Author + information
- Published online December 13, 2017.
- Michael P. Savage, MD∗ ( and )
- David L. Fischman, MD
- Department of Medicine (Cardiology), Thomas Jefferson University Hospital, Philadelphia, Pennsylvania
- ↵∗Address for correspondence:
Dr. Michael P. Savage, Department of Medicine (Cardiology), Jefferson Angioplasty Center, Thomas Jefferson University Hospital, Suite 6210, Gibbon Building, 111 South 11th Street, Philadelphia, Pennsylvania 19107.
We do not need a review of the epidemiological literature to know what a casual stroll along the downtown streets of any major city in the United States will attest. We are a fat society. With no immediate solution on the horizon, the problem is only getting worse. Since 1980, the prevalence of obesity in the United States has more than doubled in adults and tripled in children (1). Nearly 70% of adults in this country are either overweight or obese (2). Worldwide, this has reached epidemic proportions. In 2015, more than 800 million people were obese, and high body mass index (BMI) accounted for 4 million deaths globally (3).

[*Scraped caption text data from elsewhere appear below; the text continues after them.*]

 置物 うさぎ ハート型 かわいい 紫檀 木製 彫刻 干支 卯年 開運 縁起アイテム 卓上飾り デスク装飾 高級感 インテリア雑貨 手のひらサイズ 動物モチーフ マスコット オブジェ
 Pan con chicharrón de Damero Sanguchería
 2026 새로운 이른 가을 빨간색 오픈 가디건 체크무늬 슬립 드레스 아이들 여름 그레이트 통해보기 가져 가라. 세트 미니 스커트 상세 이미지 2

Obesity is a risk factor for a number of illnesses including cardiovascular disease, sleep apnea, kidney failure, cancer, and musculoskeletal ailments. The risk of developing cardiovascular disease in the overweight patient is compounded by the frequent coexistence of risk factors such as diabetes, hyperlipidemia, and hypertension. The ultimate health consequence is a shortened life expectancy. The relation of BMI and mortality is classically a J-shaped curve with increased mortality in underweight individuals and progressively increasing mortality for BMI >25 kg/m2 (4). It has been speculated that the unremitting surge in obesity might bring a halt to the continuous rise in life expectancy that has occurred over the last century.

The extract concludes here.